Last weekend Mandy and I were walking in the fells with two new friends. They aren’t regular hill goers and we had never been out with them before. Also, it’s January, with wet snow up high and a powerful easterly wind. There’s a section of the path near the top of Ruddy Ghyll in Borrowdale that goes along the edge of a big drop. Our friends looked uneasy. Up till that point they had been walking along like perfectly competent bi-peds but were decidedly put off by the prospect of continuing along the path near the gaping edge of the ghyll.
At first, they thought of going further away from the path but the ground there would involve snow covered slippery rocks and then there was the impulse to crouch and use hands for balance. It wasn’t that the path itself had narrowed or become slippery or unstable, it was just the knowledge of the edge. But all was made instantly well by five reassuring words from Mandy,
“It’s simple” she said—"Just walk normally.”
“Oh, okay, yes, we can just walk normally.”
Which they did with no trouble at all.

Two days later the boot was on the other foot as I had a meeting with one of these same friends in the context of her advising me on the new play I’m working on. It became clear during the conversation that I had some unhelpful preconceptions about the theatre work I want to do. I don’t write fiction, all my work is based in unstaged, messy real life. I am not, by training, an actor and god forbid that I were even to start thinking about any kind of song and dance. And yet I had a notion that I must be something more than me when I’m on stage.
“Well yes, of course”, says my wise mentor, “there are things about breathing and voice and engaging people—you know that.

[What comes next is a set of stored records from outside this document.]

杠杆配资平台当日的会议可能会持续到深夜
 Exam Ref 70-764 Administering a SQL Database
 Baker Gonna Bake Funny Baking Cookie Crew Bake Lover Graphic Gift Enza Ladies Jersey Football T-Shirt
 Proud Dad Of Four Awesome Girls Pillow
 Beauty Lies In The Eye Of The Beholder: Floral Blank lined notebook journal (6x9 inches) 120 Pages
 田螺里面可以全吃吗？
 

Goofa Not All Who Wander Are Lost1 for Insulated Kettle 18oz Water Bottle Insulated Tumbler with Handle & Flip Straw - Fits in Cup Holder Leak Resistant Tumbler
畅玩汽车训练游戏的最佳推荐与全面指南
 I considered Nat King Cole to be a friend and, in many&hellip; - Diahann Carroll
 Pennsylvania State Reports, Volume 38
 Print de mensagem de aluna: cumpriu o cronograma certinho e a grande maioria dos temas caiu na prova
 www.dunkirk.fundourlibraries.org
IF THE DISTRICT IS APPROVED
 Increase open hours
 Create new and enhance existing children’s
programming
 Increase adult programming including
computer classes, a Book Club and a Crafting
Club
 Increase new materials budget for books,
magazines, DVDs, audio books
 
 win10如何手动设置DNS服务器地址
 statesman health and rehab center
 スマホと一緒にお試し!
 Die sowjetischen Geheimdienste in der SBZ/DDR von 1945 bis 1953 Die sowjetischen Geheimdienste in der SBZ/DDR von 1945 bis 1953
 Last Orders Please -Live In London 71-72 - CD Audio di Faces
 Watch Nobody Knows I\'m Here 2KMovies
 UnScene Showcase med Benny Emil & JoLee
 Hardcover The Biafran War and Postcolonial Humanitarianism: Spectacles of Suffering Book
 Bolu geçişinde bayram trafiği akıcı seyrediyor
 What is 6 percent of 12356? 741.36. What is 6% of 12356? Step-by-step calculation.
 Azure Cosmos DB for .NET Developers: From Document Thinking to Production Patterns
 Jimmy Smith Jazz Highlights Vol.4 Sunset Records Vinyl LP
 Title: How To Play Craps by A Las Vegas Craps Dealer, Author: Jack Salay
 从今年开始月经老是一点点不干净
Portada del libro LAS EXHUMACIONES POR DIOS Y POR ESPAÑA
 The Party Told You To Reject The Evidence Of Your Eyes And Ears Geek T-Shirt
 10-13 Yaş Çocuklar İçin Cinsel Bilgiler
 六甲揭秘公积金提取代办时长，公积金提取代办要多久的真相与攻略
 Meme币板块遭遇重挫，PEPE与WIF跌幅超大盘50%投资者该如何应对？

But you need to listen to what Mandy said—'just walk normally’. If you’re saying you want to be authentic then that’s what you’ve got to be. You know how to do that, just like I know how to walk.”
And so, Mandy’s wisdom had stuck with us, and has become a helpful metaphor for me (or is it an aphorism, or perhaps both?) Whether it’s the edge of a cliff or a live audience, or anything else that concerns me, there’s no need to turn that concern into unnecessary unhelpful behaviour. Fear driven responses can be self-defeating. If the path is sound then—just walk normally.
And in the present way of things, where media is hard to escape and is full of the foretelling of the nearness of a great abyss, I think it’s easy to feel under threat. Of course, the cliff edge is real. Climate change, tech dystopia, the end of democracy, the possibility of nuclear Armageddon. I’m not saying we should carry on our sweet way and ignore the dangers. But acting only from fear, cowering or crawling, or trying to pretend that we are something we’re not, will not help.

Time for a bit of Mary Oliver I think—when is it not? Mary Oliver was a poet who learned a lot from the non-human beings around her. In her poem ‘When I am Among the Trees’ she imagines the trees speaking to her…
“It’s simple,” they say,
“and you too have come
into the world to do this, to go easy, to be filled
with light, and to shine.”
It amazes me that I have these people to turn to, Mandy, Mary Oliver, and my new friend. They all agree that life is not simple but what we can do is often simple—walk normally, go easy, be filled with light and shine.